Dünya Gazetesi’nde 7 Şubat 2022 tarihinde yayınlanan köşe yazımda, kamuoyunun gündemini şu an itibariyle 5 önemli konunun oluşturduğunu, bunlardan 3’ünün kısa bir süre içerisinde, kalan 2’inin ise kısa/orta vadede çözüme kavuşturularak, kamuoyuna açıklanmasının beklendiğini açıklamıştım.
Şimdi bu 5 önemli konu neydi diye merak ediyorsunuz değil mi?
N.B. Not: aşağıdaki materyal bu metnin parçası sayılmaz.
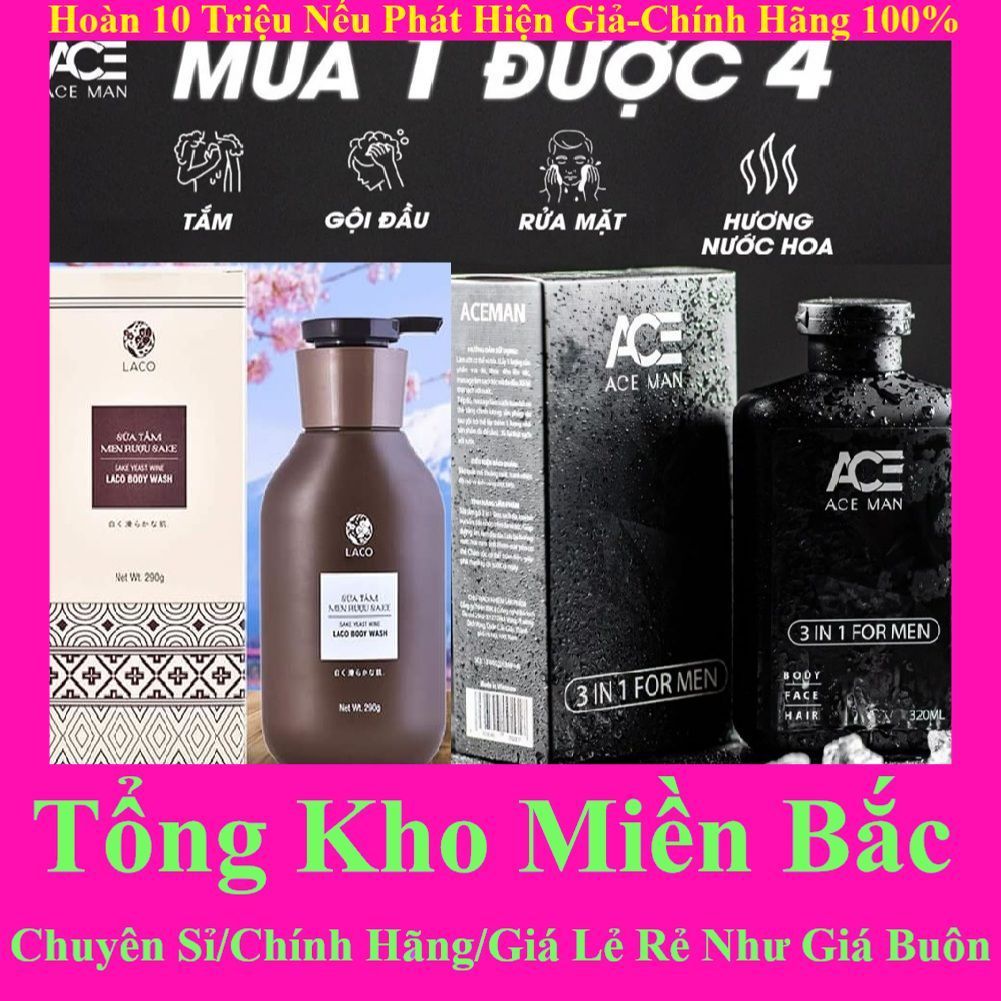 COMBO Sữa tắm gội nam hương nước hoa 3 in ACEMAN Rhys Legend & prro 4men & Sữa tắm men sake laco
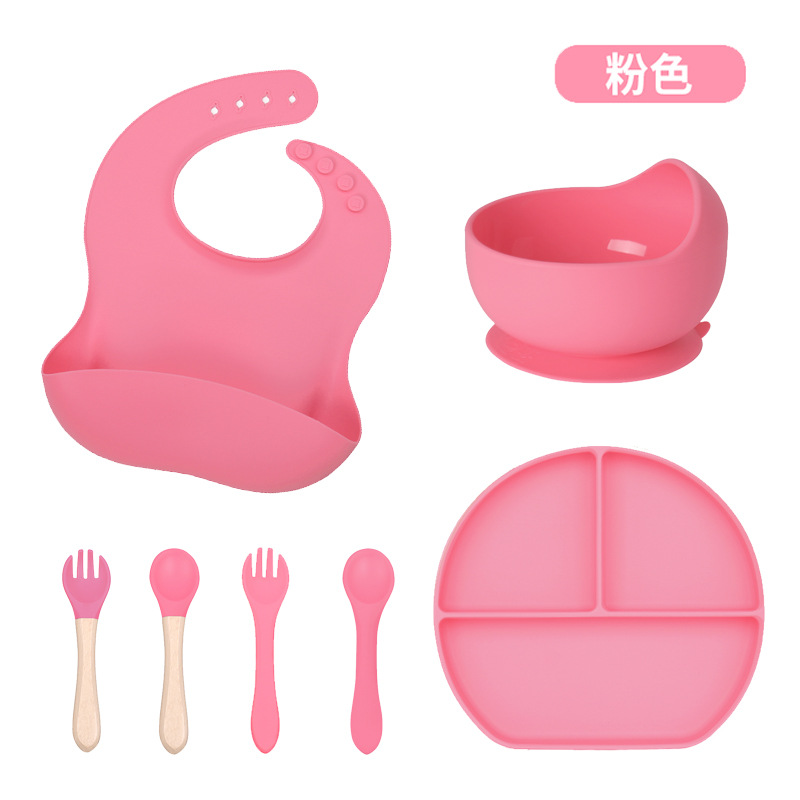 Baby Silicone Snail Bowl Children's Tableware Solid Food Bowl Eating Snack Catcher Baby Spork Silicone Plate Set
Hemen sıralayalım:
1) Şirketlere 3 ay vadeli kur korumalı TL mevduat ve katılma hesabı imlanı verilecek mi?
2) Kur korumalı TL mevduat ve katılma hesapları, bankalar tarafından kullandırılacak kredilerde teminat olarak gösterilmesine izin verilecek mi?
3) KDV oranlarına ilişkin düzenlemeler ne oldu, ne zaman açıklanacak?
4) Borç yapılandırması ve matrah/vergi artırımları bozulanlara yeni bir hak verilecek mi?
5) Vatandaş istiyor, İmar Barışı ile ilgili yeni bir düzenleme yapılacak mı?
Maliye, tam da tahmin ettiğimiz gibi, yukarıda belirtilen ilk 3 konuyu kısa bir süre içerisinde çözüme kavuşturarak, kamuoyuna açıkladı.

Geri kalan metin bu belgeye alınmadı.